Angie Jones, The Build That Cried Broken
Like the boy who cried wolf, the build that’s repeatedly red for no good reason will not be trusted. Worse, it will likely end up in a persistent red state as people stop looking at the regular failures. Eventually something important will also fail ... and no-one will notice.
At CAST 2021, Angie told us this and other stories about a team she was on, one who found themselves in that bad place but used their wits to escape and lived happily ever after.
Well, perhaps that’s an exaggeration: they tolerated living in a short-term bearable state where a reliable kernel of tests supported development and deployment and a set of flaky tests were worked on to the side.

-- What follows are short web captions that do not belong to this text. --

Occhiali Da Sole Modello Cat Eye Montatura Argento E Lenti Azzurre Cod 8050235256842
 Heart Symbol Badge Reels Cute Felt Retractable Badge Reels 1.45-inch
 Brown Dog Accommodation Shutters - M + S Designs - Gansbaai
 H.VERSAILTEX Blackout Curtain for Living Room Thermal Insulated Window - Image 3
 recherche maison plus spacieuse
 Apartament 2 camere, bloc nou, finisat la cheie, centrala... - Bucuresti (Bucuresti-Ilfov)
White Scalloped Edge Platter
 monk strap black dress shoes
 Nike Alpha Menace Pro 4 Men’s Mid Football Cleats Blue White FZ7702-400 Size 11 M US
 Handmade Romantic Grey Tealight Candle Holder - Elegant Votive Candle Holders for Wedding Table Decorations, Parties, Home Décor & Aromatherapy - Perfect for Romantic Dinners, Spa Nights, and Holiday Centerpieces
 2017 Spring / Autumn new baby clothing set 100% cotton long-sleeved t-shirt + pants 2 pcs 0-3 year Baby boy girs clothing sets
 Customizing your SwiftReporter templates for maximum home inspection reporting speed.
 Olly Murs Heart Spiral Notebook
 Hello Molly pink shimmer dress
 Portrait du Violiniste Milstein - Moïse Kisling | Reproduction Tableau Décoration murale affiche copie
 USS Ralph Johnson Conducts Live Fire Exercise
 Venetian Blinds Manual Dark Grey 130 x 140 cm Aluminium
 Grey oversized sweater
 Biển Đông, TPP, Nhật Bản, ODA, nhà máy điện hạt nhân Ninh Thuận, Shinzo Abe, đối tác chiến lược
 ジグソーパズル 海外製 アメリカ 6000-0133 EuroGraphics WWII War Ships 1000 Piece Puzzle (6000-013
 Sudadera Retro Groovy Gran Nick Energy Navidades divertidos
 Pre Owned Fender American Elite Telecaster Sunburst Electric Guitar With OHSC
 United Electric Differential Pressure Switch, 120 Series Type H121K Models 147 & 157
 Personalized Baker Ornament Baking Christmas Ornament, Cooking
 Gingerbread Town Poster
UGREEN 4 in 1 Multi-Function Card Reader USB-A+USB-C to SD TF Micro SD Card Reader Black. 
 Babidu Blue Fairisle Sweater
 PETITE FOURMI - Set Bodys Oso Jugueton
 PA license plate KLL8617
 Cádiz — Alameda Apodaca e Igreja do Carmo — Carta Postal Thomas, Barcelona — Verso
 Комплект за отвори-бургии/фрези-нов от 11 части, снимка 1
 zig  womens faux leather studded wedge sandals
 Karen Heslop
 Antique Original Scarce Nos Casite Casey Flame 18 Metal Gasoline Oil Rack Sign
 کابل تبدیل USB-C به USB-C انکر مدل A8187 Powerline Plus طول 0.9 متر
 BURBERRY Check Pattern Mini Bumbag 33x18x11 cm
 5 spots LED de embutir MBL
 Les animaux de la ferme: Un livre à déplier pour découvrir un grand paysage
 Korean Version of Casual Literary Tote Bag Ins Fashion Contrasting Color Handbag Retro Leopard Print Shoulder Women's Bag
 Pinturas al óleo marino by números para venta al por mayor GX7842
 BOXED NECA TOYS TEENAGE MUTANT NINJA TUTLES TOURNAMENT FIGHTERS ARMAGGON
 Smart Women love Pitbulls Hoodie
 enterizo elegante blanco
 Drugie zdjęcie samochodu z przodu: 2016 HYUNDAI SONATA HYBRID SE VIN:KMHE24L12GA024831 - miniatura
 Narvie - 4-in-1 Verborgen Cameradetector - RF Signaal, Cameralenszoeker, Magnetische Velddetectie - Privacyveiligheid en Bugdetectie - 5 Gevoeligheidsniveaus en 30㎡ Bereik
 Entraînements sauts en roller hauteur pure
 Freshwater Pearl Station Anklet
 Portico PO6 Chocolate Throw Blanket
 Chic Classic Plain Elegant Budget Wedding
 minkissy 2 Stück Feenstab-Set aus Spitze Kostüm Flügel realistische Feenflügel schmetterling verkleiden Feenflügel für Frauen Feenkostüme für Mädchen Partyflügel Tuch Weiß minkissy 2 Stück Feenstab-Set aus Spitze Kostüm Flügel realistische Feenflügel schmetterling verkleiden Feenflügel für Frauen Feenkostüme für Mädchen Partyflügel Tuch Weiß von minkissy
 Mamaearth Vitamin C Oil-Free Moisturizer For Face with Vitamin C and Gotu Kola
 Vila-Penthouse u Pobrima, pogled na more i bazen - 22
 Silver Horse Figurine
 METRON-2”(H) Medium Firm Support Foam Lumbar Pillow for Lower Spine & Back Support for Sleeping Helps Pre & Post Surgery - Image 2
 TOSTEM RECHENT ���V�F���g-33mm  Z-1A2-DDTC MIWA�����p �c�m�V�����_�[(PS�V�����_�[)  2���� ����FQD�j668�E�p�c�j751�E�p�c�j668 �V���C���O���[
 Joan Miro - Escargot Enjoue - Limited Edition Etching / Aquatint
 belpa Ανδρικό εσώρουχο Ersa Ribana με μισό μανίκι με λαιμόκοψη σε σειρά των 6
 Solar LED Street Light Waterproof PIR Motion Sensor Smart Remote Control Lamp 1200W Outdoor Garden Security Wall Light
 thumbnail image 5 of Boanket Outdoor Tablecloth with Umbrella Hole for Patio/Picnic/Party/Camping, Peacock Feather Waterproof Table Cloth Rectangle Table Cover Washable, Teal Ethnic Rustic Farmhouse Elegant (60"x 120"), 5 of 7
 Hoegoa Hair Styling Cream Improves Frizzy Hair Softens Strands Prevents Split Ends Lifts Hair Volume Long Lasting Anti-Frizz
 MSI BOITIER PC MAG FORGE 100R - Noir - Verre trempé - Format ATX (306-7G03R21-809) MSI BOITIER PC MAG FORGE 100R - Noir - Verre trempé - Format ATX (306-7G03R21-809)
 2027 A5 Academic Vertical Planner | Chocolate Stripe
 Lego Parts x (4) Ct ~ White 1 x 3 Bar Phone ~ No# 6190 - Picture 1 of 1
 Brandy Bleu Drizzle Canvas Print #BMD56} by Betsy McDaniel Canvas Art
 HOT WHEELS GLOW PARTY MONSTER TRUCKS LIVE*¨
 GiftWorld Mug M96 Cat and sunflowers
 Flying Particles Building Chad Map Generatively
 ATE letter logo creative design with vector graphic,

Separating off the flakes was a good move but it was supported by others,
including assigning a team member to investigate all failures and setting
limits on the percentage of tests that could be in the flaky set before
all other activity stopped. Focus was firmly on fixing today’s problems rather than grand plans for
tomorrow.
The team also made Jira tickets for each failure investigation and prioritised each one explicitly. As a rule of thumb, Angie would delete and rewrite from scratch any case that had been edited significantly more than three times.
If there's one principle over all of these, it's to prefer fewer relevant, reliable, and important tests over simple large numbers. Very much not "Oh Grandma, what a large test suite you've got!"